Some organisations were delivering extraordinarily valuable services, such as PSI’s drop-in center for commercial sex workers seeking to reduce HIV infection and abuse and working on educating all those involved in transactional sex, or the enormous investment in R&D and training programmes for farmers through the Gates-funded Agricultural Transformation Agency (ATA), set up within the Ministry of Agriculture to transform agricultural productivity in a green revolution to rival India’s.
But how, we asked, do the multitude of interventions delivering change find a way to genuinely achieve sustainability and replicability, by passing these services on to underpaid, undertrained, often demotivated local government employees (or the nascent private sector) remains to be seen. The Agricultural Transformation Agency is in the fifth year of a 20-year programme seeking to do just that. The ATA is based in, and works alongside, the Ministry of Agriculture, and reports directly to the Prime Minister (a key reason for its success says its CEO, Khalid Bomba) and the strategy, logic, leadership, collaboration and vision is enormously impressive. But sustainable? It’s too early to say.
Maybe one accepts that the bilateral and private flows of aid have to continue; that change (however impressive) is small scale, piecemeal and that there is no magic formula or quick and easy path to growth and development. Instead, the patchwork of initiatives eventually blend together over time, lifting the population out of poverty through a combination of income-generation, skills transfer, job creation, behaviour change and trickle down economics.
Alongside the marginalisation of women, there has also been much mention in the international press recently (though only whisperings within Ethiopia) of widespread oppression of ethnic minority groups, who are rising up in peaceful protest against a government they see as directing the national resource towards their own political elite.
So what next for Ethiopia? Will the continued focusing of national resources into areas dominated by the ethnic elite and resulting inequality lead to a popular uprising against this one-party state? Will it continue its impressive rate of growth in provision of health and educational services by finding the resources to improve wages, quality and training? Will the government relax its stronghold on the private sector to allow more investment?
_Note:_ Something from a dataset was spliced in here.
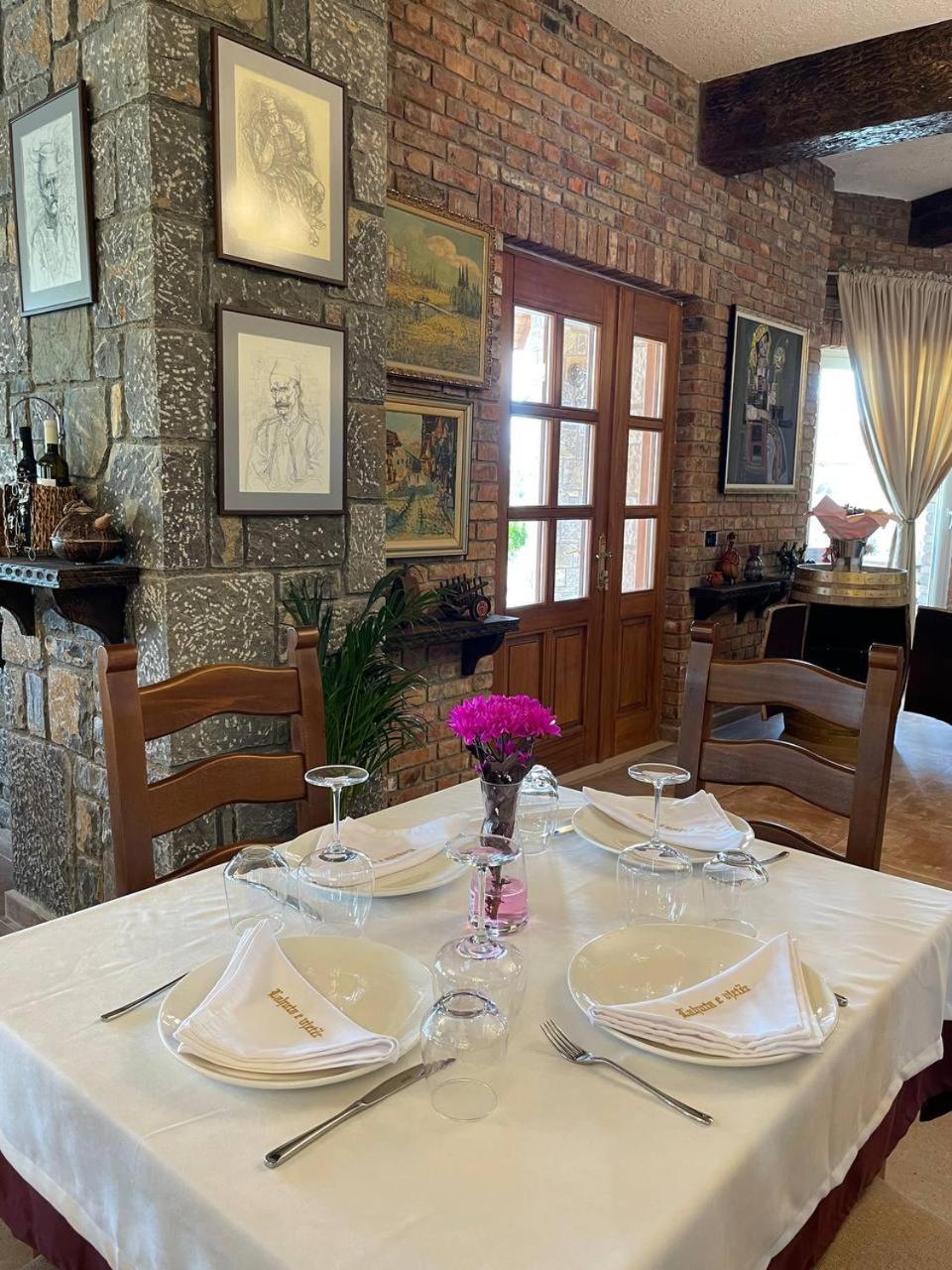 Lahuta E Vjeter Agroturizem Hotel Lac Екстериор снимка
How will rural populations, living on the geographical, economic and political margins, whose lives are already difficult, fare through the current terrible drought? Does this have the potential to reduce all the gains made against the MDGs in one ghastly year of failed crops and hunger? Maybe these are some of the problem areas requiring philanthropic brain-power and investment. We will watch with interest.
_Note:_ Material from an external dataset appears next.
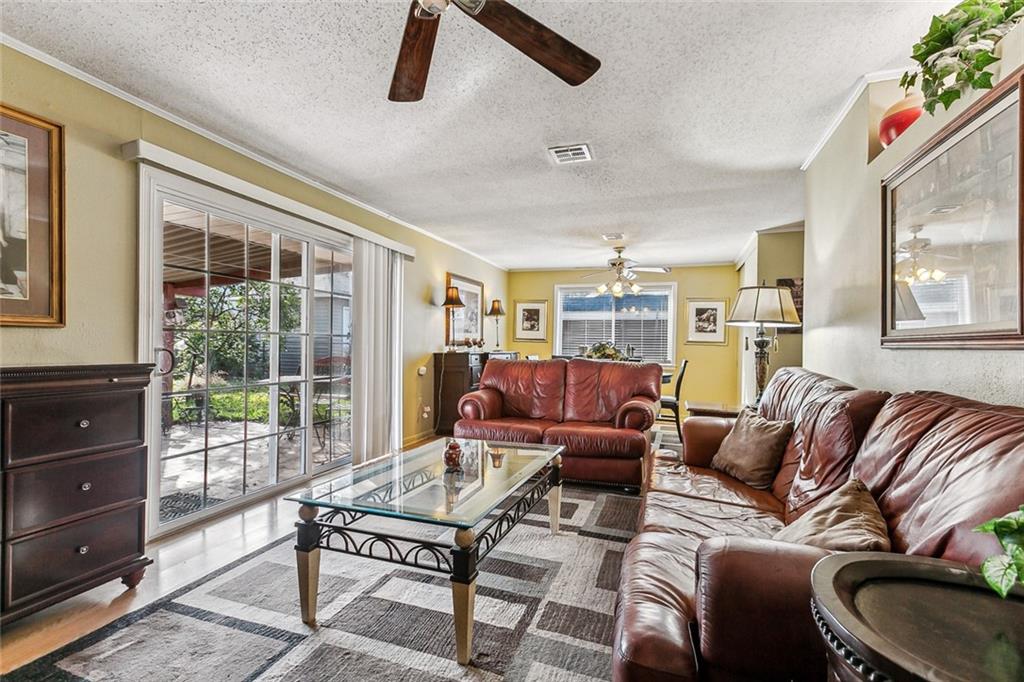 2728 SOMERSET Drive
Aside from these strategic musings which continue to occupy the minds of all of us committed to achieving change in poor economies, this learning journey was, as always, a wonderfully bonding and pleasurable experience, helped in no small part by TPW peers’ commitment to learning and sharing their knowledge, the kindness and openness of the Ethiopian people to share their personal stories, incredible optimism, spectacular scenery and the most delicious national cuisine. The lessons we learnt will continue to be relevant to our own philanthropic endeavours over the months and years to come.